Tan incline la tête de côté, les lèvres étirées dans un si grand sourire que l’on croirait que sa peau s’apprête à se déchirer sous la tension, et, presque sans bouger le bras, lance avec force le cadavre sur la vitre. Le verre explose en crissant, mais le cadre de bois résiste, brisant encore un peu plus le corps inerte dans un bruit mou. Le sang caillé éclabousse le reste de la fenêtre déjà rougie par le passage d’Am, mais le bruit de giclure gargouillant est couvert par les ricanements des quatre frères qui sortent de la gadoue, les cheveux raides, la peau crasseuse, les vêtements imbibés d’humeur vermeille et de jus de cadavre.

Tels des monstres aux visages d’hommes, les quatre fauteurs de troubles se tiennent épaule contre épaule, parmi les vers et les macchabées, ravis de leur forfait. Leurs quatre silhouettes, sur le ciel crépusculaire, se fondent en une seule créature sombre, dont les huit yeux gris étincellent de perversité.
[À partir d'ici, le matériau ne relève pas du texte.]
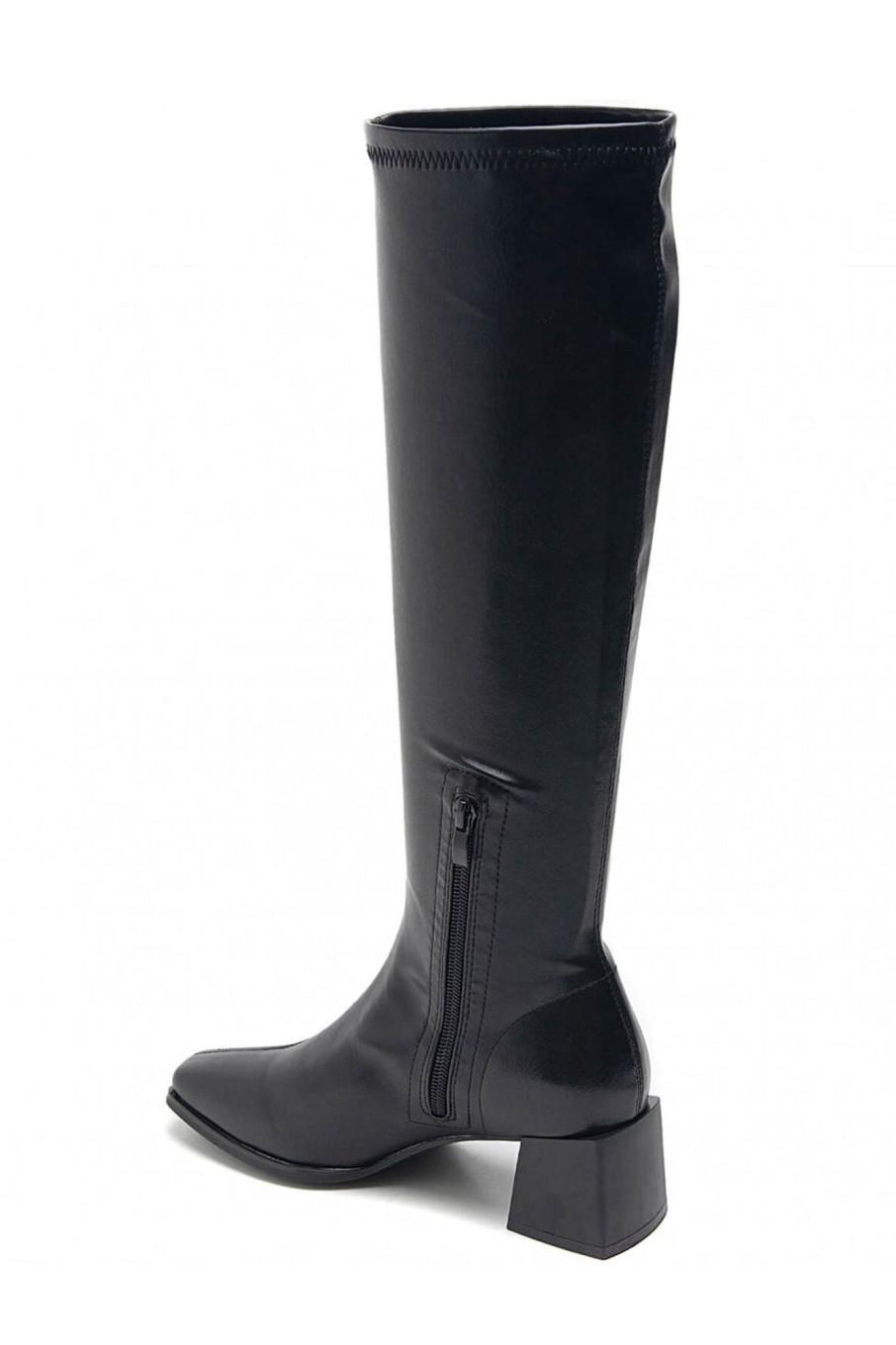 Clothing Ideal | Oline Black Faux Leather Boots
Il n’y a plus personne pour les voir, les volets ont été rabattus peu après que les scélérats ont institué leur déchaînement, alors «  le Désastre  » se calme peu à peu, comme rassasiés de leur repas gargantuesque, se contentant de profiter des restes avec gourmandise.
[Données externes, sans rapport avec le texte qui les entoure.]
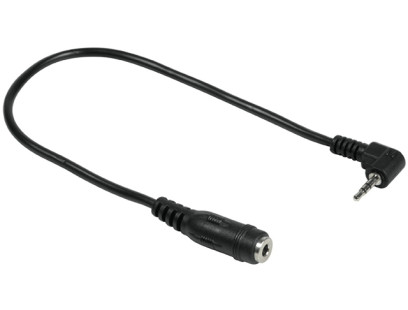 Perėjimas Jack 3.5 stereo female-2.5 stereo male su laidu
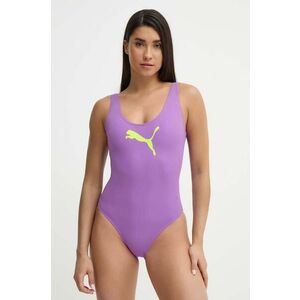 Puma costum de baie dintr-o bucată culoarea violet, cupă moale 907685 imagine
— Bien, commente seulement Tan en se pourléchant de nouveau les mains, sa langue épaisse ramassant des petits bouts de cervelle écrasée et des fragments de boyaux avec avidité.
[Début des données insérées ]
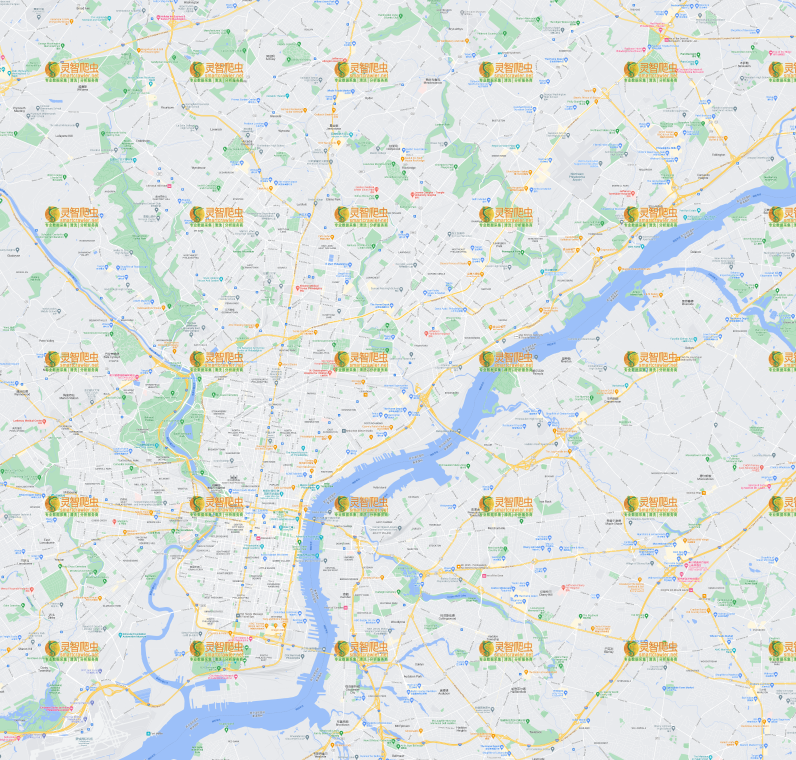 美国 费城 Google 谷歌 高清地图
— Il va bientôt faire nuit, constate Sy, occupé à retirer des éclats d’os de sa chevelure noire de sang et d’huile. Il va nous falloir partir.

Am fait la moue.

— Ces gens sont si bêtes, se plaint-il. Ne peut-on pas rester jusqu’à demain  ? Je meurs d’envie de voir leur tête.

— Ne commence pas, grogne Hel en lui assénant un coup de coude.

Cette fois, c’est Sy qui intervient, en les séparant fermement, agrippant les manteaux qui dégorgent leurs humeurs sombres pour les éloigner l’un de l’autre.

— Allons, il n’a pas tort. Contemplez, mes frères, ces rats tapis dans l’obscurité, ce ramassis d’êtres crédules qui se sont enfermés à l’annonce d’un hypothétique danger, ricasse Tan. Imaginez leur effroi, leur désarroi quand demain ils verront l’eau corrompue de leur ville et tous ses merveilleux cadeaux dont nous leur avons fait don.

Hel et Am gloussent, cependant que Sy se contente de sourire.

— Nous avons encore du travail, rappelle-t-il, avec un signe de connivence.

Dans un éclat de rire commun, qui s’apparente plus au croassement d’un corbeau, les quatre frères trottinent jusqu’à leurs sacs respectifs et vérifient qu’ils sont tous vides. Tan, tandis qu’il farfouille dans le sien, sent sous la pulpe de ses doigts quelque chose qui n’a ni la douceur ni la mollesse de la chair putréfiée, ni la dureté froide d’un os. Curieux, il sort l’élément déconcertant de son sac et découvre que ce n’est en fait qu’une main amputée, aux ongles longs et crasseux.

— Non, se dit-il avec douceur. Ce n’est pas pour eux.

Il sent, dans son ventre, que la bête s’est apaisée. Il s’en faut de peu pour qu’elle n’ait plus faim, mais il sait que ça ne durera pas longtemps. Une fois qu’il est certain de n’avoir plus rien à disposer, il va aider Sy qui arrange des peaux écorchées devant une porte, arrachant les poils rêches par jeu qu’il parsème ensuite un peu partout. L’air immobile empeste la mort, le ciel vire presque au noir sans que les étoiles brillent pour autant. Elles non plus ne veulent pas voir ça.

En voilà un comportement niais, songe l’aîné. Aussi sot que ces gens.

— C’était une bonne soirée.

— Excellente, convient Tan. J’ai hâte d’être à la prochaine.